A short while ago, I broke the news that Rocket is preparing to go public. I received the information from credible sources that are close to the company. The news is not surprising, but it holds dramatic implications for the international startup scene. Here is my initial analysis of the impact this event will have on the tech world:

  • Likelihood of long-term success dramatically increased. Rocket is building an empire of emerging market Amazon and Zappos clones. These companies absolutely devour money as they ramp up to reach that coveted $1B USD revenue threshold. If you’re ever read “Delivering Happiness” – the book about the Zappos story – you’ll know what I’m talking about. I believe that this capital raise consolidates Rocket’s position as a global internet behemoth and dramatically increases the likelihood that they will be a major player on the international startup / eCommerce scene for a long time to come. In short, if the raise happens, they will be relatively comfortably positioned to endure the brutal  multi-year period of negative cash flows that their portfolio companies must go through before reaching maturity.
  • A pause in the proliferation of new Rocket clones. Not sure about this, but a close friend suggested that this news may herald the beginning of a consolidation phase for Rocket. Over the past year, they’ve been launching clones across the globe in a frenzy of copycat activity. But with this raise, Rocket may decide to hold off on the formation of new ventures and instead decide to focus on nurturing existing firms until they become self-sustaining. As I mentioned above, achieving this is a very expensive proposition. Hence the capital raise.
  • Competitors have serious reason to worry. I’ve alluded to this in a previous post. Rocket Internet is an execution machine, and they take no prisoners. Firms going head-to-head with Rocket in the hopes of dominating big emerging market verticals will have a rough road ahead. Thankfully, most eCommerce markets are not truly “winner-takes-all”, so more than one player can operate profitably. But this will definitely make life more difficult for those competing with Rocket clones.
  • Those who haven’t bought into the Rocket model will be forced to take a serious look at it. It’s an ugly model that attracts significant criticism, and the long-term fate of Rocket – even if the raise happens – will remain the subject of debate.
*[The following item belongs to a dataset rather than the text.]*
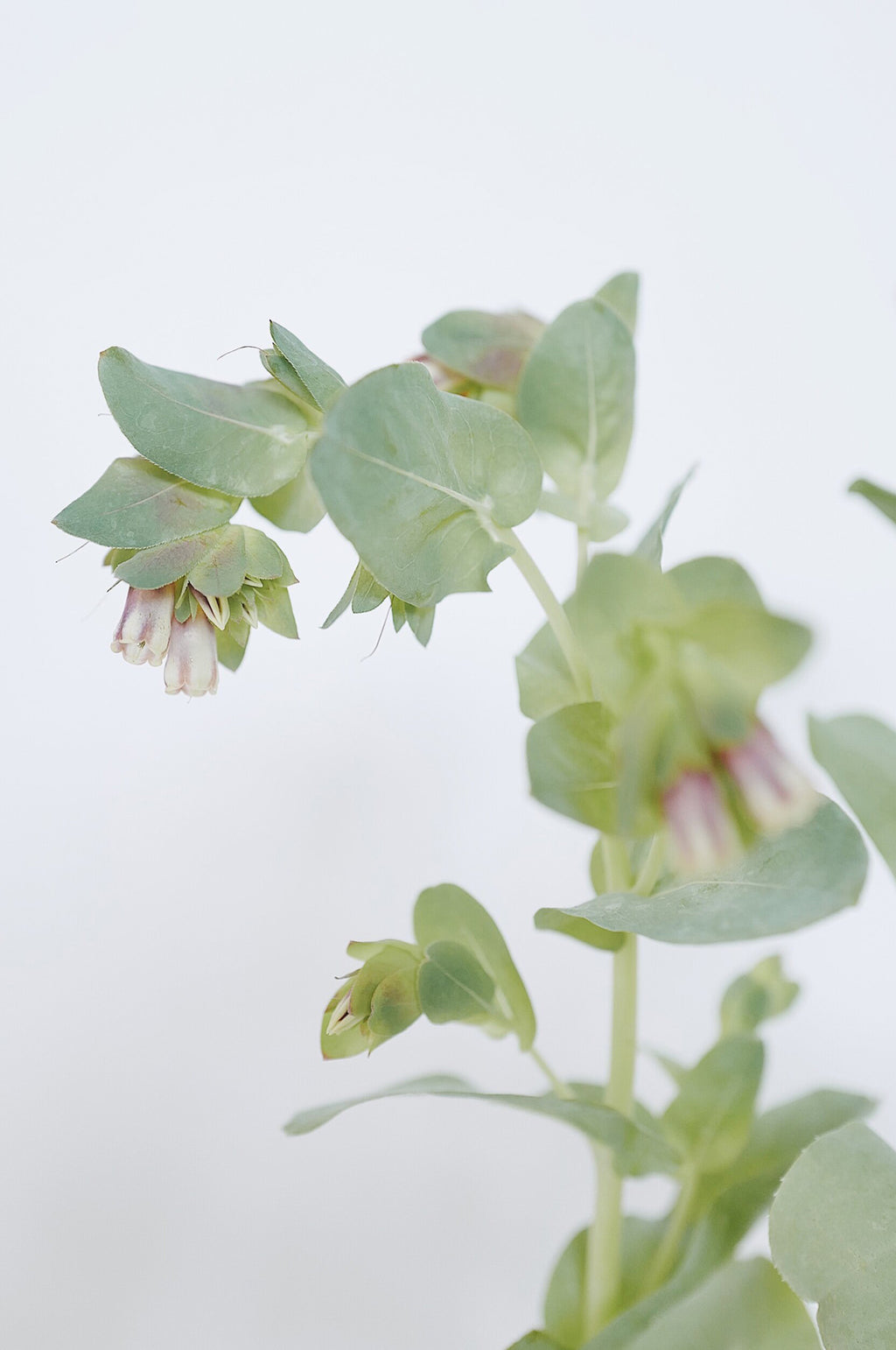 Cerinthe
But if this event occurs, lots of people will take a closer look at this business model. Because it appears to be making lots of people lots of money. At least on paper.
  • Big Payday for the Samwers and their investors.  Following up on my prior point, these guys have already done quite well financially, particularly in the wake of the acquisition of Citydeal by Groupon. But this capital raise will significantly increase the paper wealth of the Samwers and the investors who put money into the Rocket Internet holding company.
  • Validation. I can literally visualize the smile on Oli’s face if this deal goes through. He doesn’t seem to care too much about all the negative press he and his company get. But I’m also sure he doesn’t appreciate the individuals who consider him nothing but an imitator, a hack. This capital raise will put an imprimatur of validity / credibility on Rocket Internet, and give serious pause to those who would love to see him fail. He’s already a very credible force to be reckoned with, especially in the wake of all the capital JP Morgan has put into portfolio companies, but this very well may be the nail in the coffin for Rocket haters. Schadenfreude will have to be put on hold.

That’s it for now. If you think I’ve missed something in the post above, please do let me know by commenting.  I will follow-up with more information on this event as it becomes available to me. Check back soon, and have a great weekend!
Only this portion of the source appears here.